[DRBD-user] COnfused about shared partitions

Wed Apr 3 20:52:51 CEST 2019

My apologies for the length of this; I'd rather give to much information
than too little.

I have a simple PaceMaker cluster with two nodes, A and B, that are CentOS
7 VMs.  In both nodes I have a file named my-data.res under /etc/drdb.d,
with the following contents (identical in both nodes):

          resource my-data {
            protocol C;
            meta-disk internal;
            device /dev/drbd1;

            syncer {
             verify-alg sha1;
            }

            net {
             allow-two-primaries;
            }
            on A {
             disk /dev/sdb1;
             address 192.168.0.5:7789 <http://192.168.123.17:7789>;
            }

            on B {
             disk /dev/sdb1;
             address 192.168.0.6:7789 <http://192.168.123.20:7789>;
            }
          }

In both A and B, I did the following:

   # drbdadm create-md my-data
   --==  Thank you for participating in the global usage survey  ==--
   The server's response is:

    you are the xxxxxth user to install this version
    drbdmeta 1 v08 /dev/sdb1 internal create-md

    # drbdadm up my-data

In A alone, I did the following:

     # drbdadm primary --force my-data

After this, and  giving time for both nodes to become synchronized,  I get
the following in A:

     # cat /proc/drbd
      version: 8.4.11-1 (api:1/proto:86-101)
      GIT-hash: 66145a308421e9c124ec391a7848ac20203bb03c build by mockbuild@,
2018-11-03 01:26:55

      1: cs:Connected ro:Primary/Secondary ds:UpToDate/UpToDate C
r-----ns:2096028 nr:0 dw:0 dr:2098148 al:8 bm:0 lo:0 pe:0 ua:0 ap:0 ep:1
wo:f oos:0

whereas  the output from the same command in B is

       version: 8.4.11-1 (api:1/proto:86-101)
       GIT-hash: 66145a308421e9c124ec391a7848ac20203bb03c build by
mockbuild@, 2018-11-03 01:26:55

       1: cs:Connected ro:Secondary/Primary ds:UpToDate/UpToDate C
r-----ns:0 nr:2096028 dw:2096028 dr:0 al:8 bm:0 lo:0 pe:0 ua:0 ap:0 ep:1
wo:f oos:0

In A, I then created a filesystem in the /dev/drbd1 device

        # mkfs.ext4 /dev/drbd1

I then mounted it (stil in A)  and populated it with some data, consisting
of two files, f1 and f2, unmounting when done.

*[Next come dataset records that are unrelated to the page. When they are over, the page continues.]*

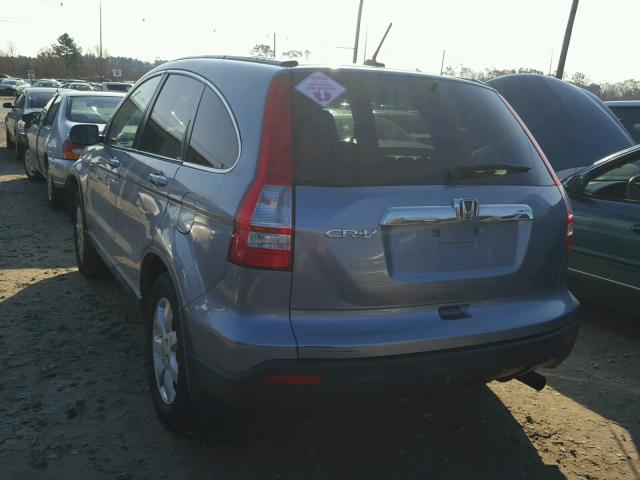 JHLRE38767C042423 - 2007 HONDA CR-V EXL BLUE photo 3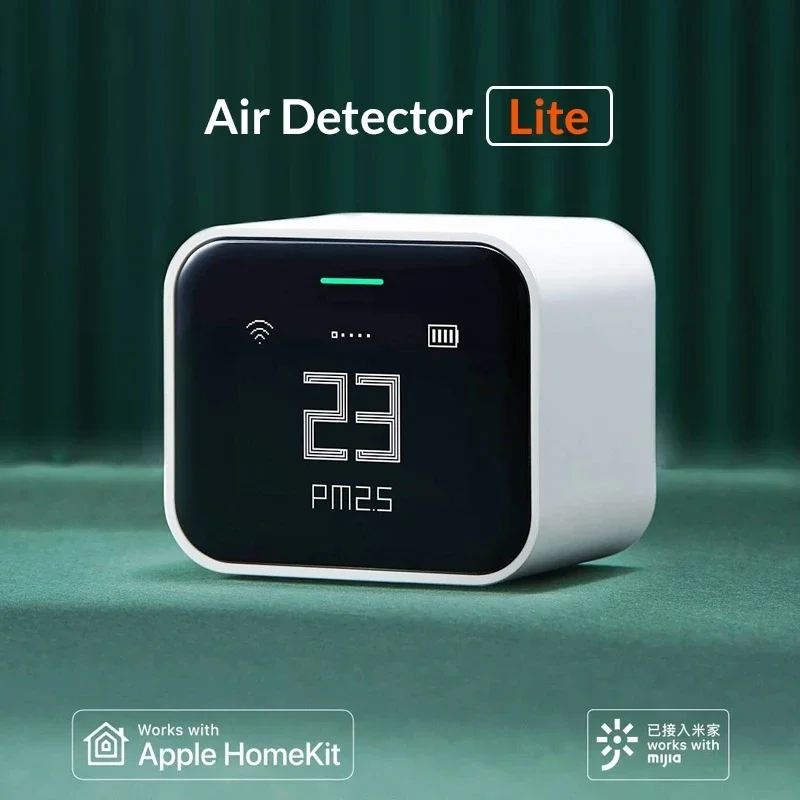 Qingping WIFI PM2.5 PM10 CO2 temperatura rilevatore di qualità dell'aria Monitor Lite per Xiaomi e Homekit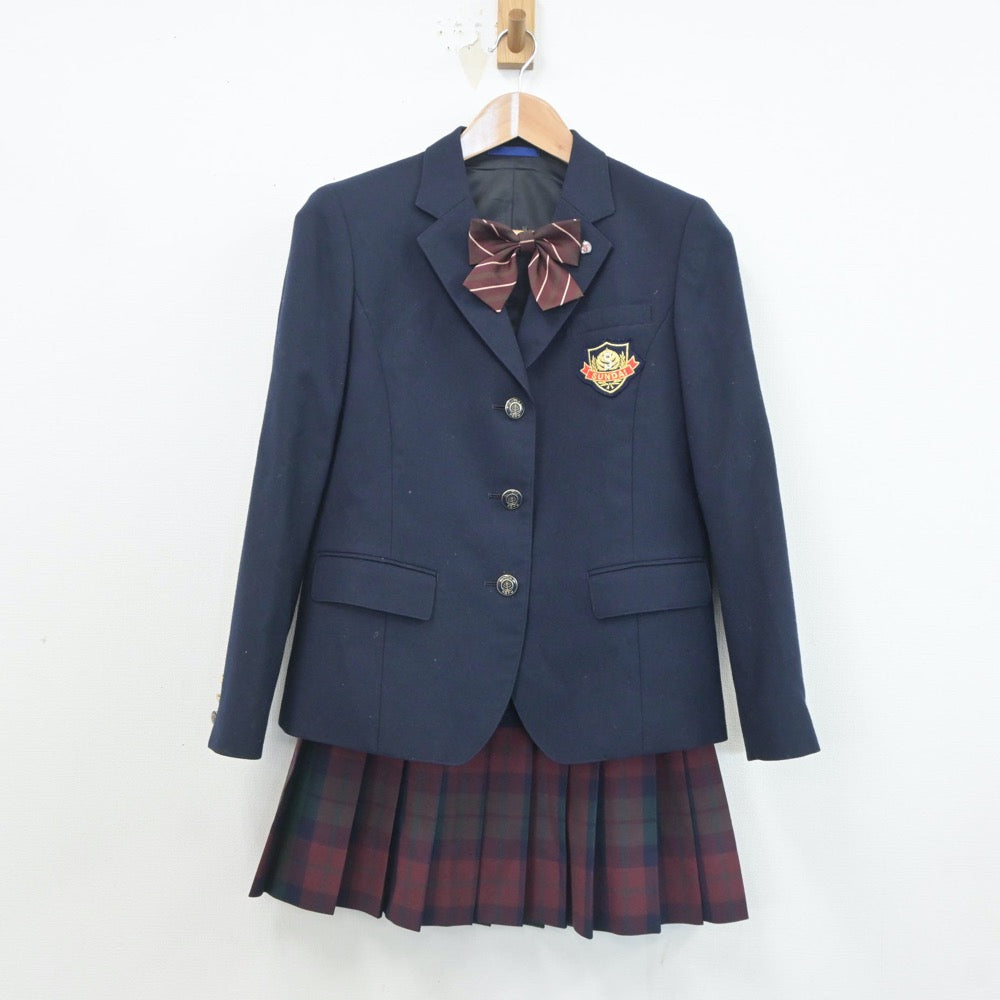 【中古】山梨県 駿台甲府高等学校 女子制服 3点（ブレザー・スカート）sf020941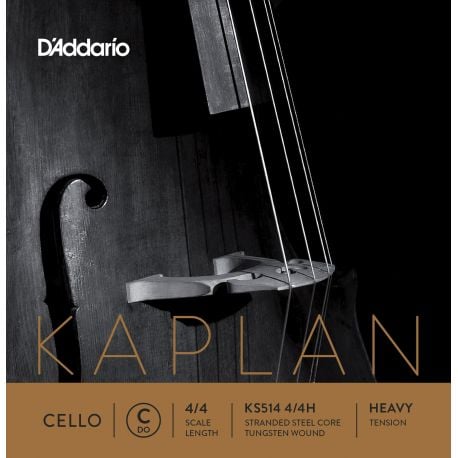 D´addario KS514 Cuerda Kaplan Solutions Do (C) para violonchelo 4/4, tensión fuerte KS514-4/4H Kaplan Solutions Cello C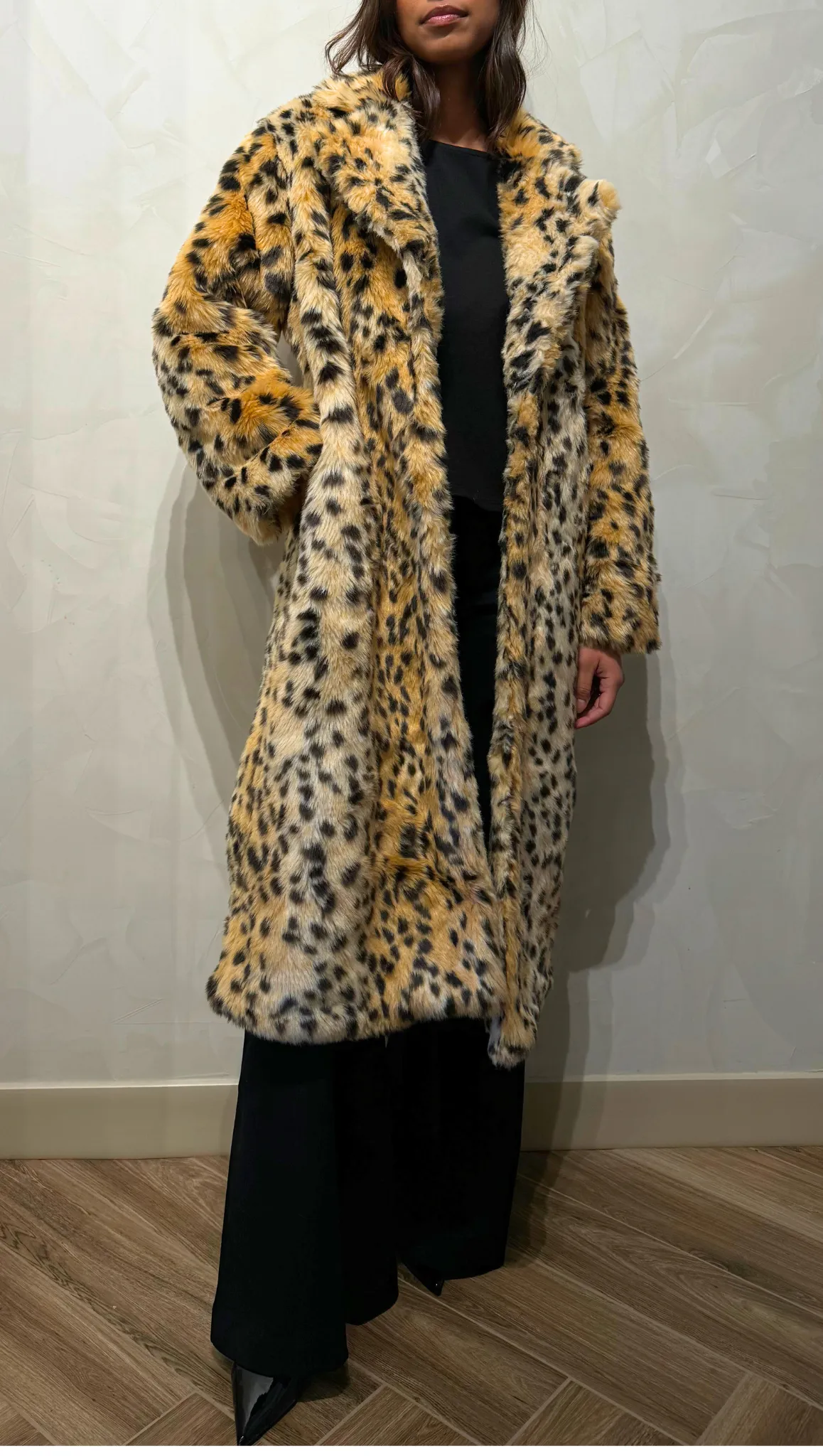 Lennox Leopard Fur Coat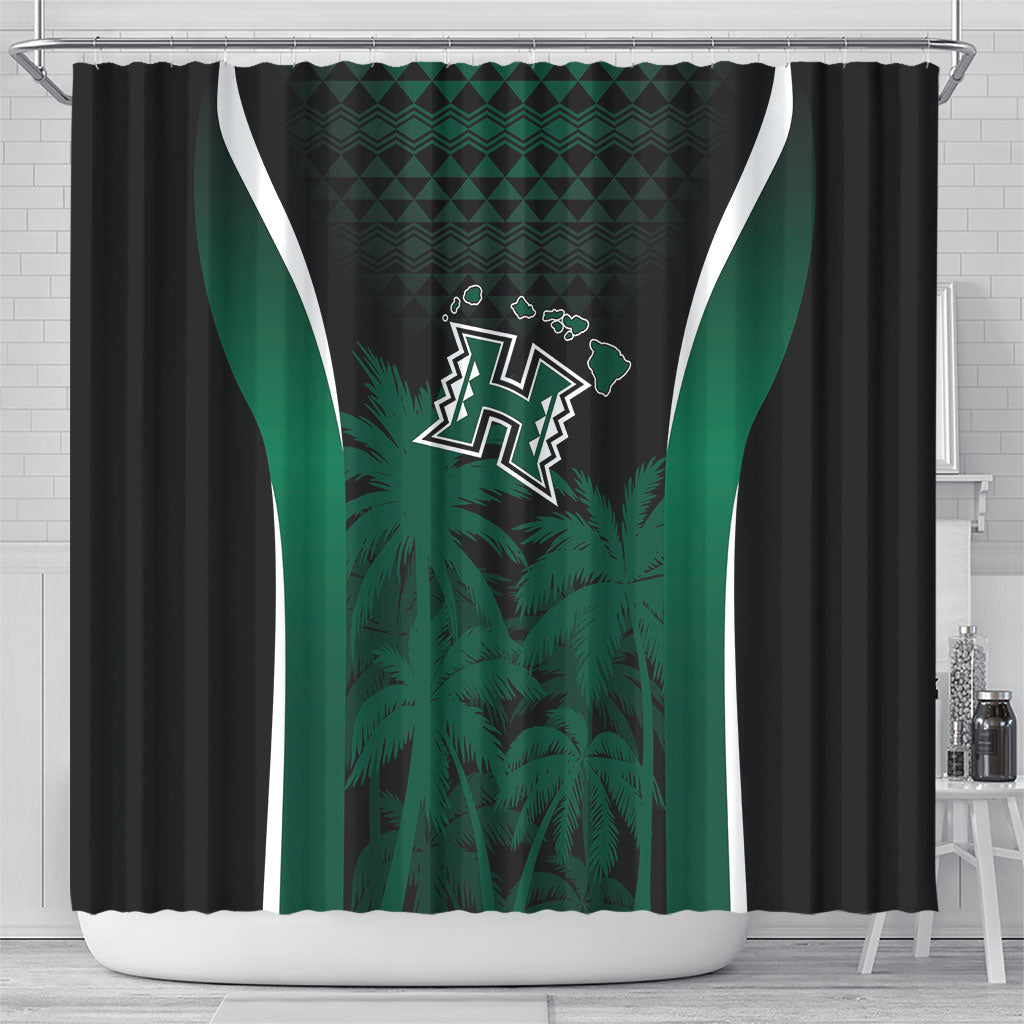Hawaii Rainbow Warriors La'au Pama Shower Curtain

After this, I issued the following commands in A:

        # pcs cluster cib drbd_cfg
        # pcs -f drbd_cfg resource create DrbdData ocf:linbit:drbd
drbd_resource=my-data op monitor interval=60s
        # pcs -f drbd_cfg resource master DrbdDataClone DrbdData
master-max=1 master-node-max=1 clone-max=2 clone-node-max=1 notify=true
        # pcs cluster cib-push drbd_cfg
        # pcs cluster cib fs_cfg
        # pcs -f fs_cfg resource create DrbdFS Filesystem
device="/dev/drbd1" directory="/var/lib/my-data" fstype="ext4"
        # pcs -f fs_cfg constraint colocation add DrbdFS with DrbdDataClone
INFINITY with-rsc-role=Master
        # pcs -f fs_cfg constraint order promote DrbdDataClone then start
DrbdFS
        Adding DrbdDataClone DrbdFS (kind: Mandatory) (Options:
first-action=promote then-action=start)
        # pcs -f fs_cfg constraint colocation add ClusterIP with DrbdFS
INFINITY
        # pcs -f fs_cfg constraint order DrbdFS then ClusterIP
         Adding DrbdFS ClusterIP (kind: Mandatory) (Options:
first-action=start then-action=start)
        # pcs cluster cib-push fs_cfg
        CIB Updated
        # pcs status resources
        ClusterIP  (ocf::heartbeat:IPaddr2):  Started A
         Master/Slave Set: DrbdDataClone [DrbdData]
             Masters: [ A ]
             Slaves: [ B ]
         DrbdFS  (ocf::heartbeat:Filesystem):  Started A

The output from the last command in B is very similar,  mutatis mutandis.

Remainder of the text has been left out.